Na segunda-feira (21/08), uma decisão do TRF-1 colocou fim à farsa da chamada “pedalada fiscal”, isentando de crime a presidente Dilma Rousseff. Um desmentido definitivo e fundamentado às manchetes espetaculosas das empresas de comunicação, que nos últimos anos divulgaram dia sim e dia também, uma das maiores fake news da História do país: a de que Dilma teria cometido crime de responsabilidade.

Aos que disseram debochadamente: “tchau, querida”, relembro trecho do discurso da primeira mulher a governar nossa nação, no dia de seu afastamento golpista: “Esta história não acaba assim. Estou certa de que a interrupção deste processo pelo golpe de estado não é definitiva. Nós voltaremos. Voltaremos para continuar nossa jornada rumo a um Brasil em que o povo seja soberano.”

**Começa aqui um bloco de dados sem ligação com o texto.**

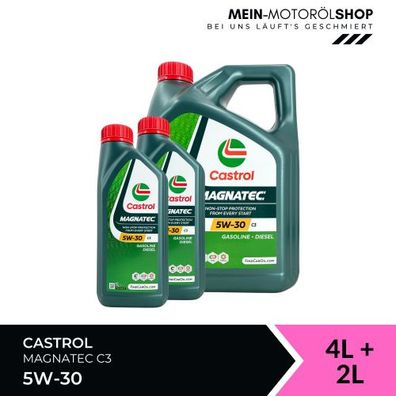Castrol Magnatec 5W-30 C3 4 + 2 Liter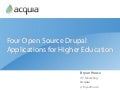 4 Open Source Drupal Applications for Higher Education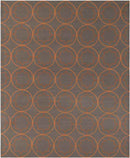 Oostwold Modern Dark Brown Area Rug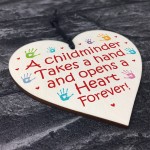 Childminder Thank You Gift Wood Hanging Heart Teacher Friendship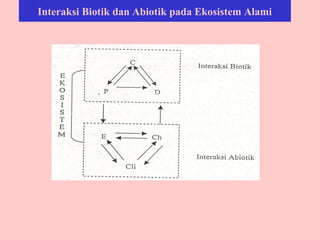 Interaksi Biotik dan Abiotik pada Ekosistem Alami
 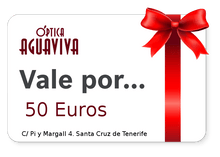 Tarjeta Regalo Óptica Aguaviva - Optica Aguaviva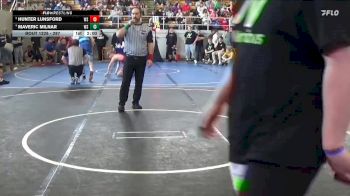 287 lbs Quarterfinal - Hunter Lunsford, Logan vs Maveric Milnar, West Geauga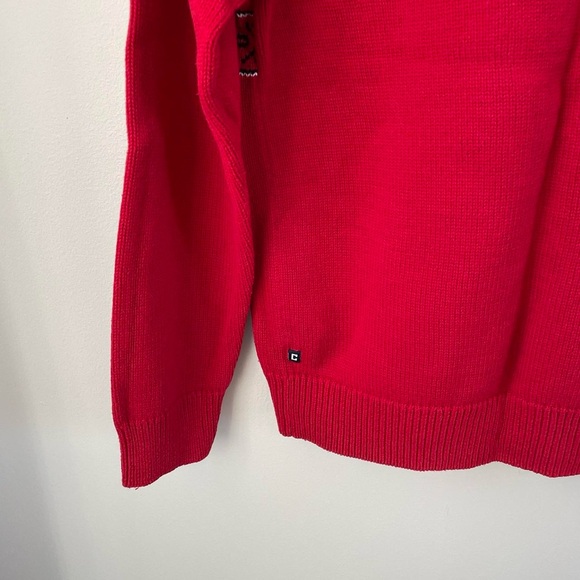 Chaps Vintage Red and White Christmas Polar Bear Sweater - Picture 8 of 8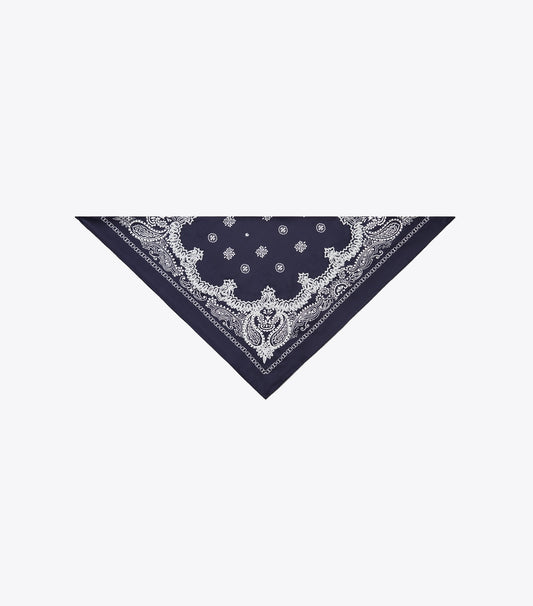 Tory Burch Beaded Bandana Triangle Scarf - Blue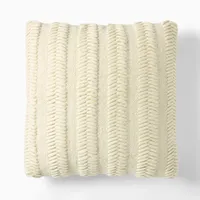 Chunky Herringbone Wool Pillow Cover | West Elm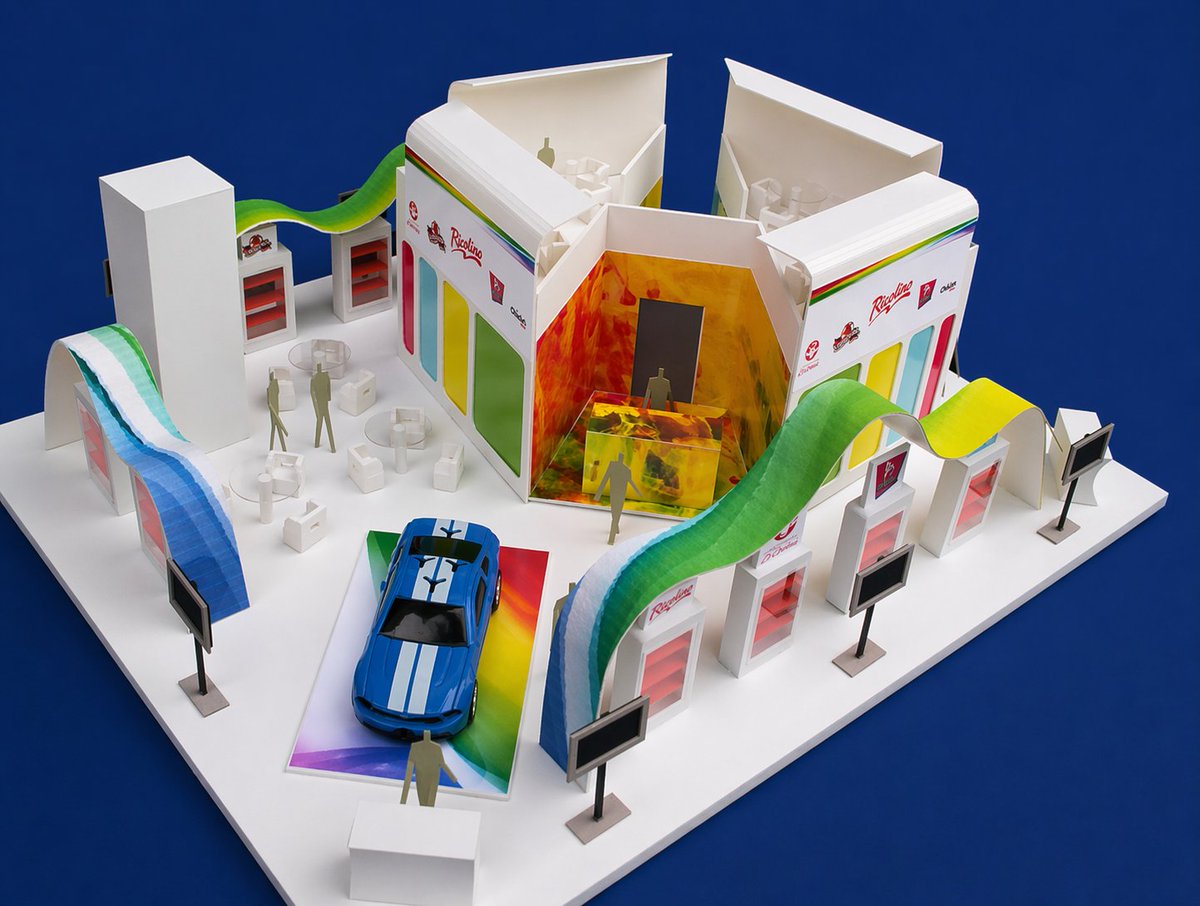 crearqs's tweet image. #maquetas #archimodel #maqueta de detalle para presentación de proyecto de stand para exposición de alimentos.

E voltaram, justiçados pelo tempo e pela História. Mas como disse Ruy Barbosa: “Justiça atrasada não é Justiça, senão injustiça qualificada e manifesta." 

Vida que segue. Dilma, agora ocupando a presidência do Banco dos BRICS; Lula, presidente eleito que tem sobre si a complexa tarefa de restaurar a normalidade democrática e nos remover do abismo em que o (des)governo cívico-militar de extrema-direita nos lançou. Quanto aos algozes de Dilma e Lula, os noticiários exibem o desmoronar – com e sem trocadilho. No Brasil, “a Terra não dá voltas, capota”...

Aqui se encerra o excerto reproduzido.